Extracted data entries

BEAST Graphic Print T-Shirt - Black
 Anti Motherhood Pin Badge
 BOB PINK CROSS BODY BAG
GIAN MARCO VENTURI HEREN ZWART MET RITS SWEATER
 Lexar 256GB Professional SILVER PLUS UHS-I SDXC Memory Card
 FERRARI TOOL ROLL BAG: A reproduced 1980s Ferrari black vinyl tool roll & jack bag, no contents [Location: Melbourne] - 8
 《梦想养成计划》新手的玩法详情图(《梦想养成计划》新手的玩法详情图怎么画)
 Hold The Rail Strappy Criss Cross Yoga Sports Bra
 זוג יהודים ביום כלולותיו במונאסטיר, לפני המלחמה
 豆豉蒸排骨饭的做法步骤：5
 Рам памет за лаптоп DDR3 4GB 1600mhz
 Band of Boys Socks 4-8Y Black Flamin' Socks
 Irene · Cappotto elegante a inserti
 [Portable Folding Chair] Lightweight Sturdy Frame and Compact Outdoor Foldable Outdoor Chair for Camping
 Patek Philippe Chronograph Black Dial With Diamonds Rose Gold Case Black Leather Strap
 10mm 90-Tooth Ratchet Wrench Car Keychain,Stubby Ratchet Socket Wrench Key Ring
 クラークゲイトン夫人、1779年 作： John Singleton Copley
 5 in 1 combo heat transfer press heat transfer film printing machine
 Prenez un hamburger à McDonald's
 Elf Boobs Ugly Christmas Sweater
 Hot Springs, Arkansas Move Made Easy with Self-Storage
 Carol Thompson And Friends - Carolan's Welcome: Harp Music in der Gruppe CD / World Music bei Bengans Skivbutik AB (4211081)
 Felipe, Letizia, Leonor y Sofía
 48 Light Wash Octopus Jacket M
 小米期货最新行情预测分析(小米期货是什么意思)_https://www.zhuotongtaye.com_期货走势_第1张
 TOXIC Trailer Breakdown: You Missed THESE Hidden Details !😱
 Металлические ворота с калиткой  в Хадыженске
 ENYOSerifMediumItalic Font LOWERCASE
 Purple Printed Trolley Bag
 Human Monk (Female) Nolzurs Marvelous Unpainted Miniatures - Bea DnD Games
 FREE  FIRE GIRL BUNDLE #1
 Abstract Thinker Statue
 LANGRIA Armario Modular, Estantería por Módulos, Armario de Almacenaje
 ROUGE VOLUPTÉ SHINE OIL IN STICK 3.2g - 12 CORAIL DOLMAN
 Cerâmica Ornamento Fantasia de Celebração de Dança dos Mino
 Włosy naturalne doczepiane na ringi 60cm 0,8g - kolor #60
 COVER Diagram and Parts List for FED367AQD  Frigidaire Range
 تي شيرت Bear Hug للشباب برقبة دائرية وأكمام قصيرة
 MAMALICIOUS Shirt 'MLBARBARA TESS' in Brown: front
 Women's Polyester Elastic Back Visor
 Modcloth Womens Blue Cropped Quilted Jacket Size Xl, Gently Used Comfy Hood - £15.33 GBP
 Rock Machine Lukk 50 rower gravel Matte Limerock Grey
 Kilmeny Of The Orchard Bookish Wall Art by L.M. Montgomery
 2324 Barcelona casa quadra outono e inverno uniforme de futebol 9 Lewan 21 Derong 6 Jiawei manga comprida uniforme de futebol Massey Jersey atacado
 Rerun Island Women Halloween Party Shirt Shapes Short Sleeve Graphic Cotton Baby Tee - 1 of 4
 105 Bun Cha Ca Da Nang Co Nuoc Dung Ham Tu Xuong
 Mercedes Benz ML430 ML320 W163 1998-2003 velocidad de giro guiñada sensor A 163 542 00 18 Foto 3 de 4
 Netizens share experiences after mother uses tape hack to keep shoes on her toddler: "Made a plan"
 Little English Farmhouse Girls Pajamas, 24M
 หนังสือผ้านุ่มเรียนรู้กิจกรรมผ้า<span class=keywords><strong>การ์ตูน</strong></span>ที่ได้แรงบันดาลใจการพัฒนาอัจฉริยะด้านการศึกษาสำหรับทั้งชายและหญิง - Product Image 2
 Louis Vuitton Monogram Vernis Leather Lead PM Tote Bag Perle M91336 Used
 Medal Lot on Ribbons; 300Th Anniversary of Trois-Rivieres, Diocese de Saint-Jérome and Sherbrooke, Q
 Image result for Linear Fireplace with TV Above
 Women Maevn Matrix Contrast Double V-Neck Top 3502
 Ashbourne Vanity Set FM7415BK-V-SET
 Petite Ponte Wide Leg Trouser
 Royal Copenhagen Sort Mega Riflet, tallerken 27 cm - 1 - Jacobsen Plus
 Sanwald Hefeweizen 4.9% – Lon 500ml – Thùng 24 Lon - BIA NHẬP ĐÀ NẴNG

■ Your objective: Could you return all the data above exactly as it appears?

■ The completed task:
BEAST Graphic Print T-Shirt - Black
 Anti Motherhood Pin Badge
 BOB PINK CROSS BODY BAG
GIAN MARCO VENTURI HEREN ZWART MET RITS SWEATER
 Lexar 256GB Professional SILVER PLUS UHS-I SDXC Memory Card
 FERRARI TOOL ROLL BAG: A reproduced 1980s Ferrari black vinyl tool roll & jack bag, no contents [Location: Melbourne] - 8
 《梦想养成计划》新手的玩法详情图(《梦想养成计划》新手的玩法详情图怎么画)
 Hold The Rail Strappy Criss Cross Yoga Sports Bra
 זוג יהודים ביום כלולותיו במונאסטיר, לפני המלחמה
 豆豉蒸排骨饭的做法步骤：5
 Рам памет за лаптоп DDR3 4GB 1600mhz
 Band of Boys Socks 4-8Y Black Flamin' Socks
 Irene · Cappotto elegante a inserti
 [Portable Folding Chair] Lightweight Sturdy Frame and Compact Outdoor Foldable Outdoor Chair for Camping
 Patek Philippe Chronograph Black Dial With Diamonds Rose Gold Case Black Leather Strap
 10mm 90-Tooth Ratchet Wrench Car Keychain,Stubby Ratchet Socket Wrench Key Ring
 クラークゲイトン夫人、1779年 作： John Singleton Copley
 5 in 1 combo heat transfer press heat transfer film printing machine
 Prenez un hamburger à McDonald's
 Elf Boobs Ugly Christmas Sweater
 Hot Springs, Arkansas Move Made Easy with Self-Storage
 Carol Thompson And Friends - Carolan's Welcome: Harp Music in der Gruppe CD / World Music bei Bengans Skivbutik AB (4211081)
 Felipe, Letizia, Leonor y Sofía
 48 Light Wash Octopus Jacket M
 小米期货最新行情预测分析(小米期货是什么意思)_https://www.zhuotongtaye.com_期货走势_第1张
 TOXIC Trailer Breakdown: You Missed THESE Hidden Details !😱
 Металлические ворота с калиткой  в Хадыженске
 ENYOSerifMediumItalic Font LOWERCASE
 Purple Printed Trolley Bag
 Human Monk (Female) Nolzurs Marvelous Unpainted Miniatures - Bea DnD Games
 FREE  FIRE GIRL BUNDLE #1
 Abstract Thinker Statue
 LANGRIA Armario Modular, Estantería por Módulos, Armario de Almacenaje
 ROUGE VOLUPTÉ SHINE OIL IN STICK 3.2g - 12 CORAIL DOLMAN
 Cerâmica Ornamento Fantasia de Celebração de Dança dos Mino
 Włosy naturalne doczepiane na ringi 60cm 0,8g - kolor #60
 COVER Diagram and Parts List for FED367AQD  Frigidaire Range
 تي شيرت Bear Hug للشباب برقبة دائرية وأكمام قصيرة
 MAMALICIOUS Shirt 'MLBARBARA TESS' in Brown: front
 Women's Polyester Elastic Back Visor
 Modcloth Womens Blue Cropped Quilted Jacket Size Xl, Gently Used Comfy Hood - £15.33 GBP
 Rock Machine Lukk 50 rower gravel Matte Limerock Grey
 Kilmeny Of The Orchard Bookish Wall Art by L.M. Montgomery
 2324 Barcelona casa quadra outono e inverno uniforme de futebol 9 Lewan 21 Derong 6 Jiawei manga comprida uniforme de futebol Massey Jersey atacado
 Rerun Island Women Halloween Party Shirt Shapes Short Sleeve Graphic Cotton Baby Tee - 1 of 4
 105 Bun Cha Ca Da Nang Co Nuoc Dung Ham Tu Xuong
 Mercedes Benz ML430 ML320 W163 1998-2003 velocidad de giro guiñada sensor A 163 542 00 18 Foto 3 de 4
 Netizens share experiences after mother uses tape hack to keep shoes on her toddler: "Made a plan"
 Little English Farmhouse Girls Pajamas, 24M
 หนังสือผ้านุ่มเรียนรู้กิจกรรมผ้า<span class=keywords><strong>การ์ตูน</strong></span>ที่ได้แรงบันดาลใจการพัฒนาอัจฉริยะด้านการศึกษาสำหรับทั้งชายและหญิง - Product Image 2
 Louis Vuitton Monogram Vernis Leather Lead PM Tote Bag Perle M91336 Used
 Medal Lot on Ribbons; 300Th Anniversary of Trois-Rivieres, Diocese de Saint-Jérome and Sherbrooke, Q
 Image result for Linear Fireplace with TV Above
 Women Maevn Matrix Contrast Double V-Neck Top 3502
 Ashbourne Vanity Set FM7415BK-V-SET
 Petite Ponte Wide Leg Trouser
 Royal Copenhagen Sort Mega Riflet, tallerken 27 cm - 1 - Jacobsen Plus
 Sanwald Hefeweizen 4.9% – Lon 500ml – Thùng 24 Lon - BIA NHẬP ĐÀ NẴNG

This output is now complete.